Single by Gary Moore

from the album Back on the Streets
- B-side: "Fanatical Fascists"
- Released: 6 April 1979
- Genre: Blues rock
- Length: 3:08
- Label: MCA
- Songwriters: Phil Lynott, Gary Moore
- Producers: Chris Tsangarides Gary Moore

Gary Moore singles chronology
|  | "Parisienne Walkways" (1979) | "Spanish Guitar" (1979) |

= Parisienne Walkways =

"Parisienne Walkways" is a song by guitarist Gary Moore that reached number 8 in the UK Singles Chart in May 1979. The song is featured on Moore's album Back on the Streets and features a vocal from Thin Lizzy frontman, Phil Lynott, who co-wrote the song with Moore. Lynott also played bass guitar on the track, alongside Thin Lizzy drummer Brian Downey, thus reuniting the short-lived 1974 Thin Lizzy line-up which had recorded "Still in Love with You", "Sitamoia" and the single "Little Darling". The melody of "Parisienne Walkways" is based on the jazz standard "Blue Bossa" by Kenny Dorham. It became Gary Moore's signature song.

According to Richard Buskin, the opening line, "I remember Paris in '49", was an amendment of the line as it appeared in the original sheet music – "I remember Paris in the fall tonight" – and refers to Phil's estranged father, Cecil Parris, and his birth-year, 1949. A lament for the father he never had, dressed up in romantic nostalgia.

The guitarist continued to play the song as an encore at concerts throughout his career. A live version of the track, recorded at the Royal Albert Hall, was released in 1993 as part of a limited edition 4-track CD single entitled "Parisienne Walkways '93" and went on to reach #32 in the UK Singles Chart.
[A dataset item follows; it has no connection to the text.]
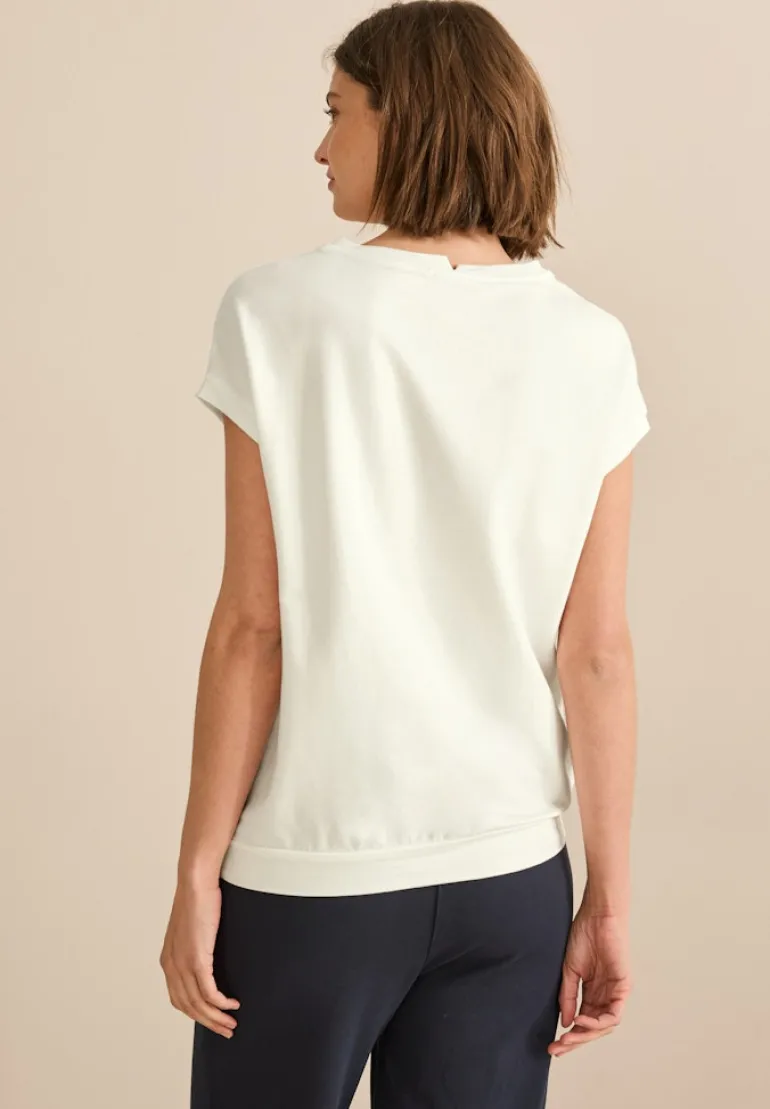T-Shirt mit Glitzer-Print vanilla white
This version appeared on Moore's 1993 live album Blues Alive and was also included on the 2002 compilation album The Best Air Guitar Album in the World... II. The original single and a 1983 live version feature as the first and final track on the 2006 compilation, The Platinum Collection.
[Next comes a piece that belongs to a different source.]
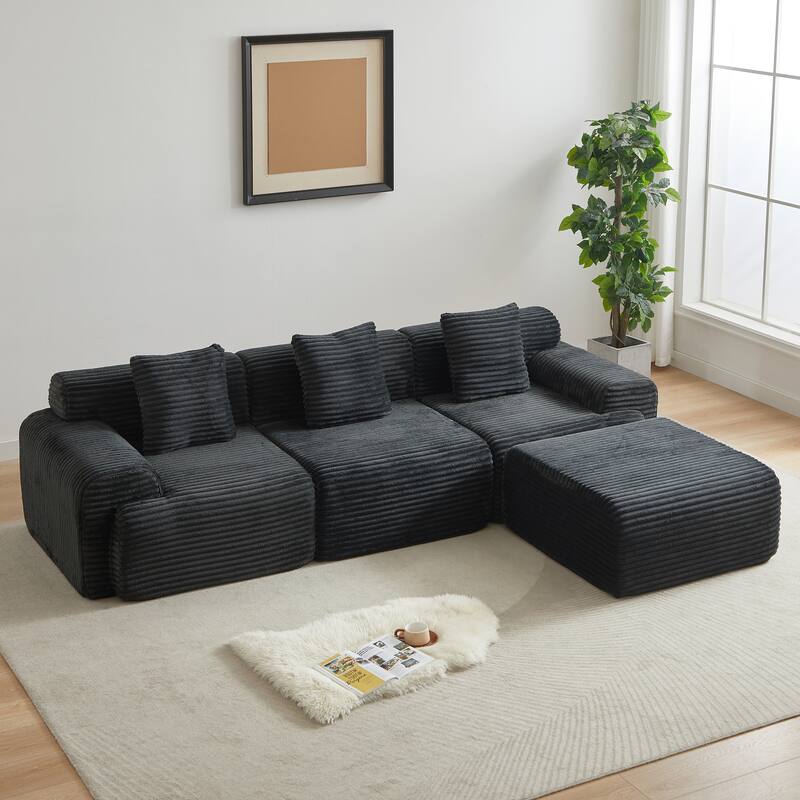Inlaid Structural Sleeper Sectional Sofa Bed with Ottoman, Corduroy Modular Boneless Couch with Wider Armrests and Backrests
Gary Moore played the song in concert while with the Greg Lake Band during 1981–82. Their performance on 5 November 1981, recorded at the Hammersmith Odeon in London, and aired on the King Biscuit Flower Hour radio broadcast, was first released on CD in 1995 on the band's third album King Biscuit Flower Hour Presents Greg Lake in Concert.

==Track listing==
1979 UK 7" single
1. "Parisienne Walkways" (Lynott, Moore) – 3:08
2. "Fanatical Fascists" (Lynott) – 2:44

1993 UK 7" single
1. "Parisienne Walkways '93" – 5:01
2. "Still Got the Blues" – 6:54

1993 UK CD single
1. "Parisienne Walkways '93" – 5:01
2. "Since I Met You Baby" (with B. B. King) – 4:40
3. "Still Got the Blues" – 6:54
4. "Key to Love" – 2:20

==Chart performance==

| Chart (1979) | Peak position |
|---|---|
| Irish Singles Chart | 5 |
| UK Singles Chart | 8 |
| Chart (1993)^{1} | Peak position |
| Australia (ARIA) | 137 |
| French SNEP Singles Chart | 9 |

^{1} 1993 live version

== Personnel ==
- Gary Moore – guitars, backing vocals, mandolin, accordion, production
- Phil Lynott – lead vocals, bass guitar, double bass
- Brian Downey – drums

==Cover versions==

The Shadows covered it on their 1979 album String of Hits.

Tribe of Gypsies recorded a cover for their 2000 album Standing on the Shoulders of Giants, with a dedication to Phil Lynott's mother, Philomena. The track also appeared on The Spirit of the Black Rose – A Tribute to Philip Parris Lynott album in 2001.

Queen's Brian May and Kerry Ellis covered the song on their 2017 Album Golden Days.

Former Gary Moore bassist Bob Daisley recorded the song with Steve Morse and Ricky Warwick for the Daisley initiated Moore Blues for Gary (A Tribute to Gary Moore) album, released in 2018.